On the final leg of our trip to Donegal we did some sightseeing in the North of Ireland (the UK part is Capitalised to distinguish it from the north of Ireland - which would be Donegal and the border counties of Ulster in the Irish Republic - oh, it's complicated if you don't know it already, I'm not going there in this post!)

It's often said there are two topics one should avoid in Northern Ireland - religion and politics - as they are the elephants in the room. What I do find is that I am trying to assess someone's position on both so I don't make a major faux pas in conversation. The clues are often easy to follow - just being introduced to someone can give a clue - an Irish-sounding name is generally a Catholic with probable nationalist sentiments, while an Anglo name is probably Protestant/Loyalist leanings.

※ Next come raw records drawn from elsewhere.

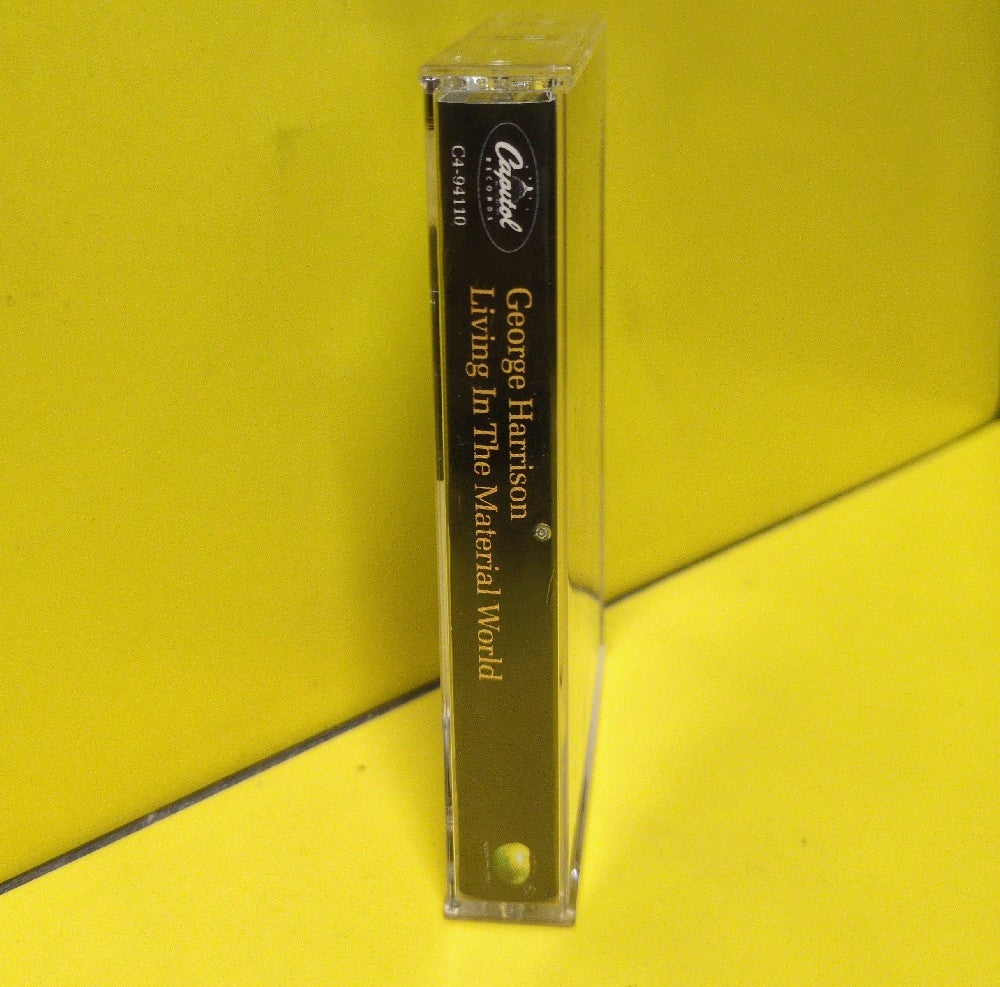 George Harrison - Living In The Material World - 1991 - C4-94110 - Used - EX - Cassettes - Reissue - Clear Tape Shell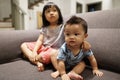Adorable asian siblings being playful at their home stock photo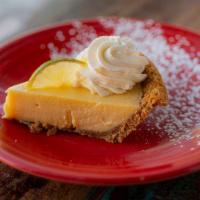 Key Lime Pie · graham cracker crust, authentic Key West lime custard, fresh whipped cream and lime slices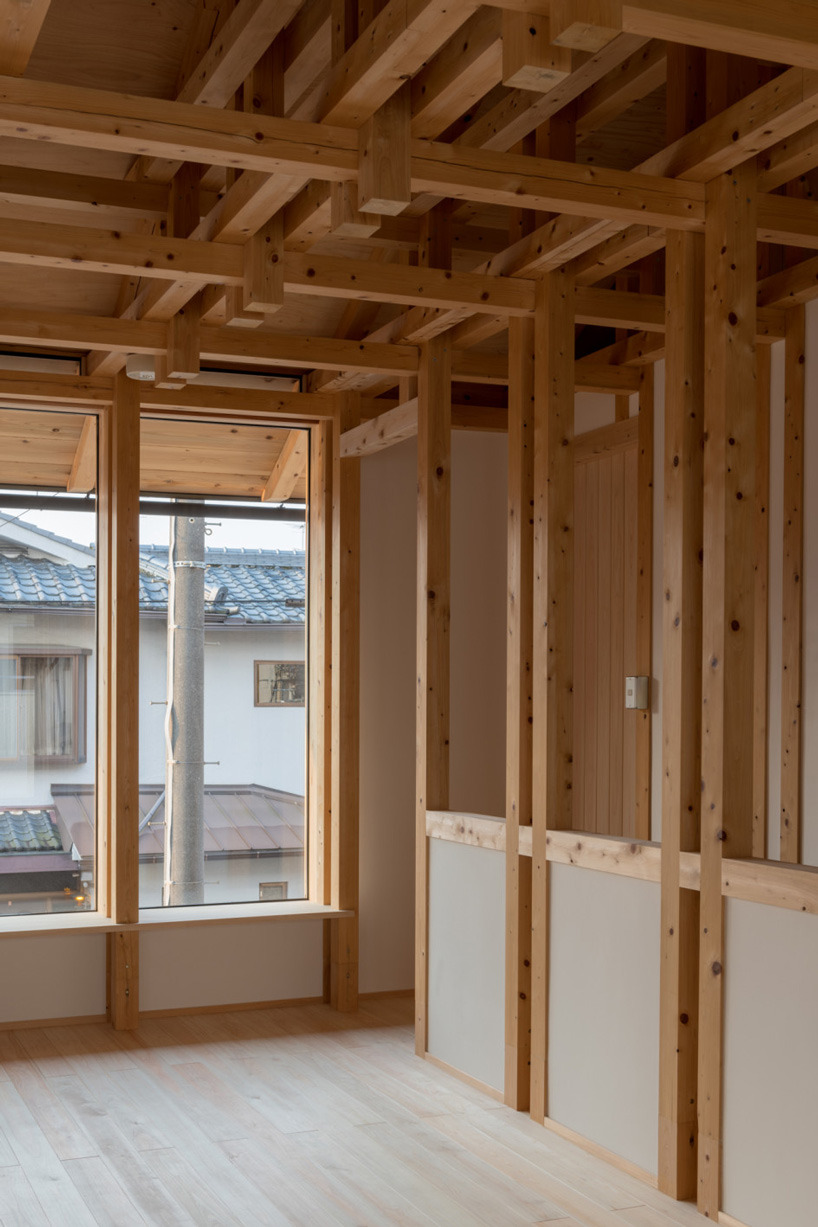 kazuya morita builds wooden lattice frame structure for archive library in kyoto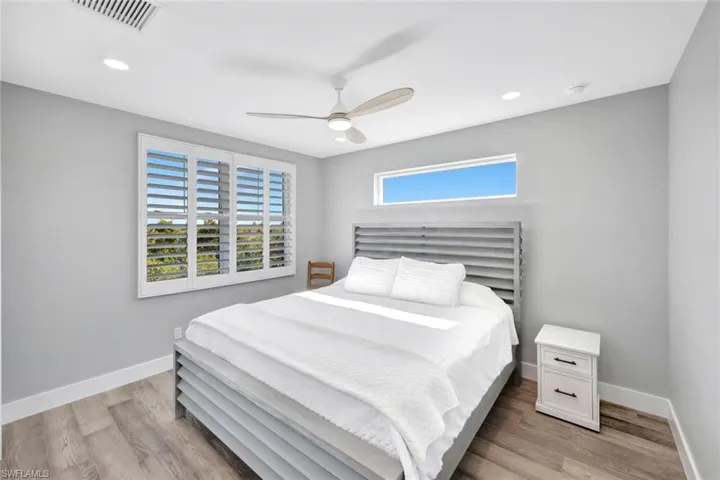Bedroom with light wood finished floors, recessed lighting, and ceiling fan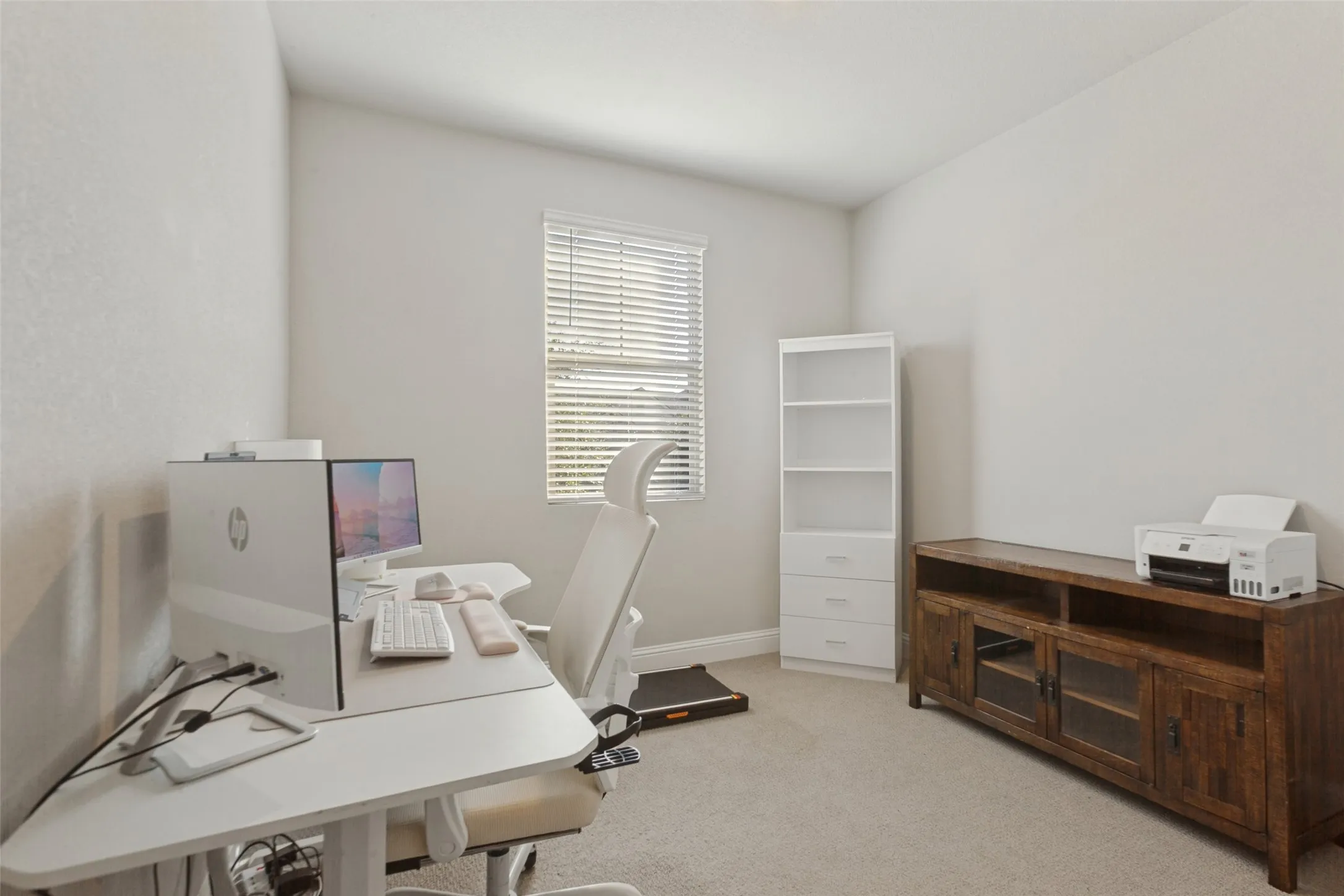 Neutral wall color, window with blinds, carpet flooring, built-in shelving, and a wood-finish media console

That's the sort of thing living in Ireland over the decades of the euphemistically-named "Troubles" teaches you - that you can pigeonhole someone in a nano-second with the most ephemeral clue - and it still baffles hubby that we can do that - he thinks it's stereotyping -and he's right, but then so am I! At least now that a tenuous peace has been restored in the North since power-sharing those dark days are gone but they've left a horrendous legacy which you never escape as there are reminders everywhere - as I wrote on Derry two posts back.

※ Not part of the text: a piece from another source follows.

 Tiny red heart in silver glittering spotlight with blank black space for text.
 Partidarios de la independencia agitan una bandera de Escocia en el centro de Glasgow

We left Donegal and via Derry we went to the most magical place in Northern Ireland and one of the most beautiful in the whole island - the Giant's Causeway on the Atlantic coast. Legend has it that Finn McCool used the causeway as stepping stones to Scotland. It's a UNESCO World Heritage Site - I think the only N. Ireland one and there are two in the Republic. (Skellig Michael and Newgrange/The Boyne Valley).

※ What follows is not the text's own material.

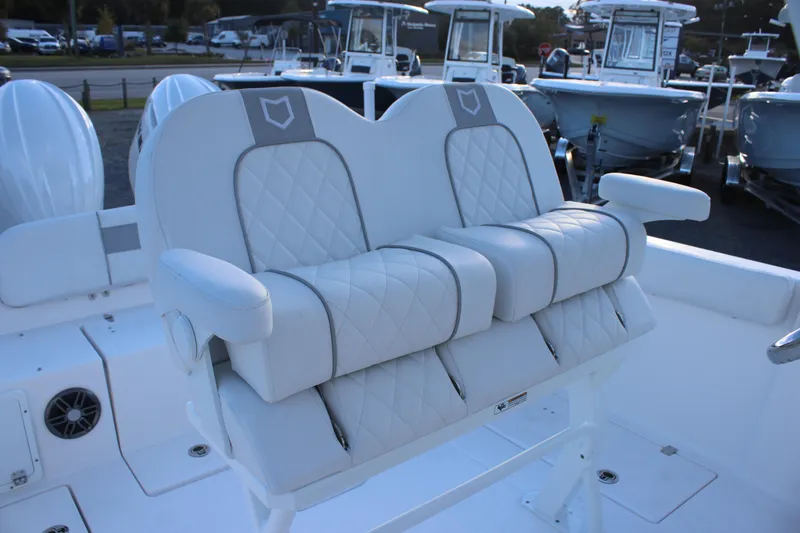 Slide: The Image of Luxury seating on 2026 Sea Fox 268 Commander boat, featuring quilted upholstery. - 8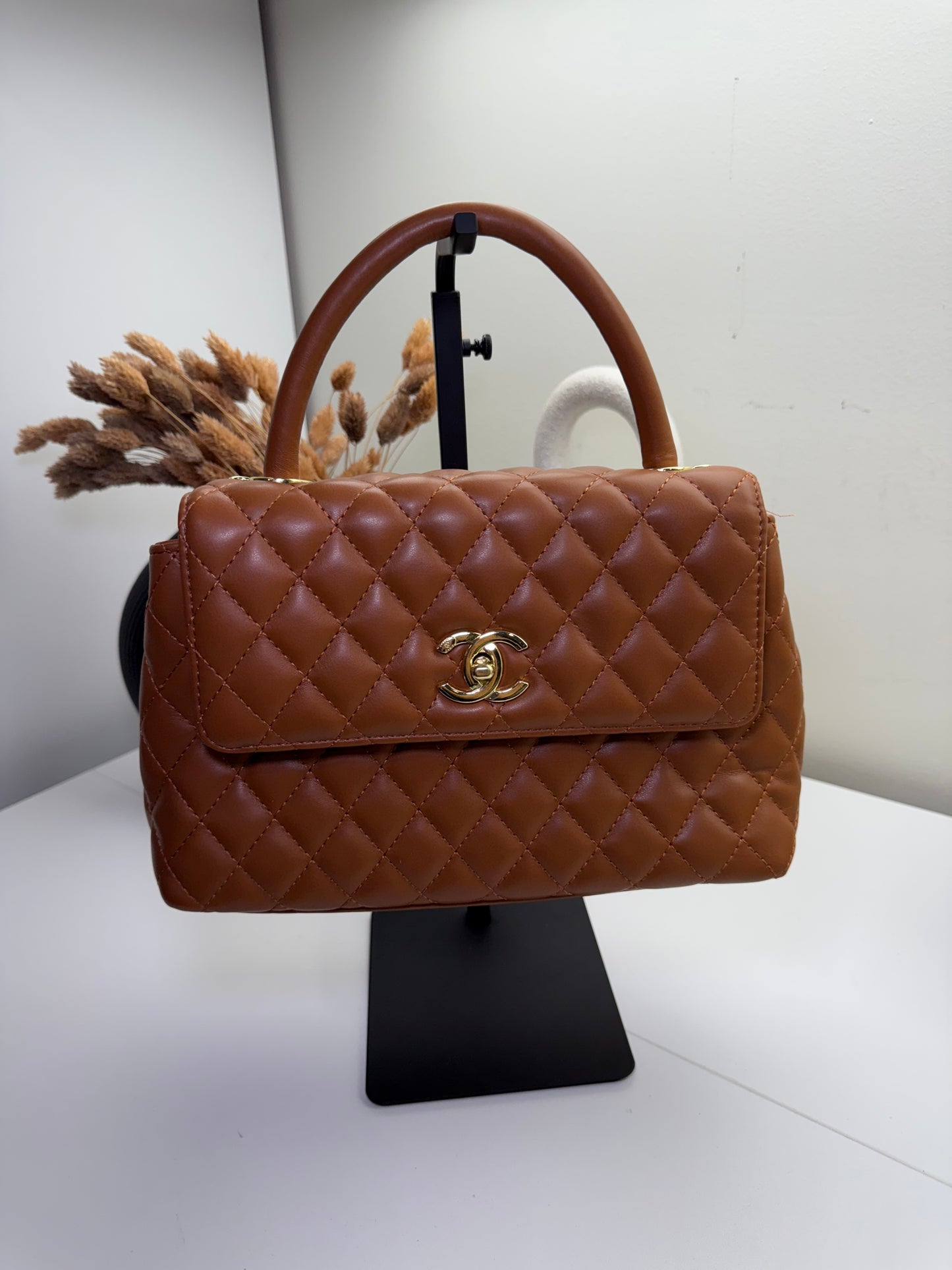 Elegant Quilted Handbag with Gold Tone Turnlock Closure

Basalt columns make up the Causeway and they are beautifully symmetrical polygons - mainly hexagons. It's free to visit but you pay £6 to park the car! We didn't walk the entire site - just down the road to the rocks and walked out onto them - and enjoyed the views and the landscape. It was a bit showery but generally the day was great and sunny, and we got some great photos.

We went back to Ireland via Strabane and headed through Co. Donegal towards Sligo - another lovely county. We went on another detour to Mullaghmore and saw the village where Lord Mountbatten owned Classiebawn Castle and where he was assassinated by the IRA in 1979 - a horrific mass-murder on one of the worst days of the Troubles when 18 British soldiers were also blown up by the IRA in an ambush in Warrenpoint. Sligo's iconic mountain, Ben Bulben, famed in W.B. Yeats's poetry, towers over every vista in the county, and it's a beautiful table mountain.

The light was wonderful as the evening sun was shining through rainbow-scattered skies between the sunshowers, and we were heading south-west for Co. Mayo, which made driving into the setting sun a bit of a challenge for hubby while I snapped and clicked both our cameras. We'd phoned ahead to book a room for the night in the Hotel Westport, thanks to the Garmin's hotel guide which I knew would come in useful one day! Thanks to the recession, rates were good for B&B in a 4* hotel even though I slept too late to have a swim the next morning - as I'd stayed awake watching two films back to back on telly - Witness (love that Amish film!) and a Nicholas Cage black comedy The Weather Man (a spectacular cinema flop by all accounts but I enjoyed it - love male menopause movies!)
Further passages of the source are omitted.